Another fine mess

If I were sitting in a mountain-top lair, twirling my moustaches and cackling evilly, I don’t think I could devise an environment more conducive to financial crime than the UK in late 2020.  Put to one side the spinelessness of our government as its leaders line their pockets, promote their friends and ennoble their backers.  Ignore if you will the incredulous reactions of other jurisdictions as we berate them for lack of transparency while we hobble our own beneficial ownership register.  No, the topic which has given me today’s leg-up onto my high horse is freeports.

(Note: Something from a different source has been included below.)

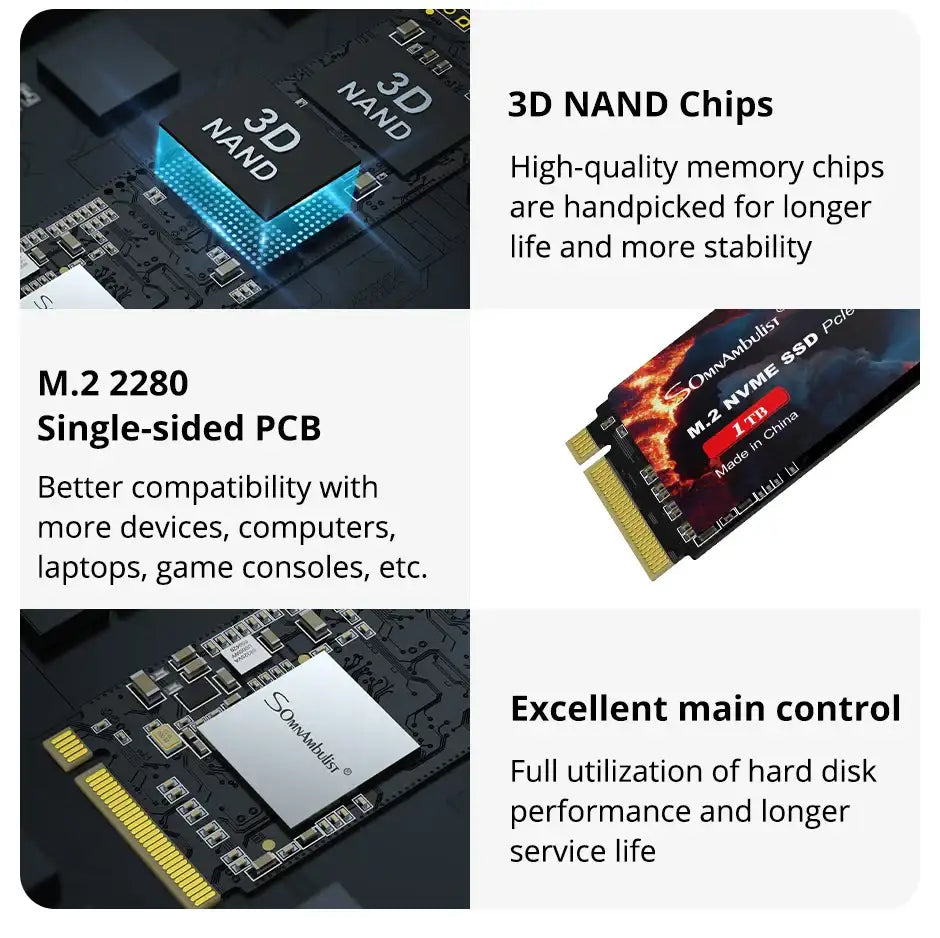 SomnAmbulist SSD M2 NVME 128GB 256GB 512GB 1TB SSD M.2 2280 PCIe 3.0 Internal Solid State Drive For Laptop Desktop Game Console SomnAmbulist SSD M2 NVME 128GB 256GB 512GB 1TB SSD M.2 2280 PCIe 3.0 Internal Solid State Drive For Laptop Desktop Game Console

It may surprise you to learn that I am a financial simpleton.  I work, I earn money, I fill in a tax return and I pay what I’m told to pay.  My most thrilling financial adventure of recent months was buying some premium bonds.  As a consequence, I tend to go back to basics when confronted with a financial innovation.  If someone suggests to me, for instance, carving off a bit of land from a country and giving it a different financial status so that people can move stuff through that bit of land without having to comply with the law of the land to which it is attached and belongs and is governed by for all other purposes, I wonder what’s up.  Sure, I can see the benefits for the importers and exporters – they’ll make more money.  And they’ll like the government of the country which has carved out this special bit of land for giving them that extra money for doing nothing at all.  There’ll be a few jobs in the carved-off bit, but how does it help the country beyond that?  Not at all. On the contrary, I think it makes it appear suspicious in the eyes of countries that have not carved off bits of themselves and pretended that they are somehow different and exempt.

But my opinion is neither here nor there.  What matters is the opinions and plans of those in charge.  And recently HMG has announced its plans to “turbo-charge post-Brexit trade” through the introduction of ten freeports, some of them to be open for business by the end of 2021.  This response marks the end of the consultation process, with the next step being the launch of the bidding process for potential freeports to apply for this status.  It’s full steam ahead, apparently, with “a package of tax reliefs on investment by businesses within Freeport tax sites [and] new measures to speed up planning processes to accelerate development in and around Freeports”.  As for concerns about “illicit activity”, apparently there was a mixed response in the consultation: “A majority of non-governmental organisations believed the risk of illicit activity in Freeports was high or very high.  However, some respondents, notably port operators, felt that the risk of illicit activity was low or very low.”  Well, colour me surprised.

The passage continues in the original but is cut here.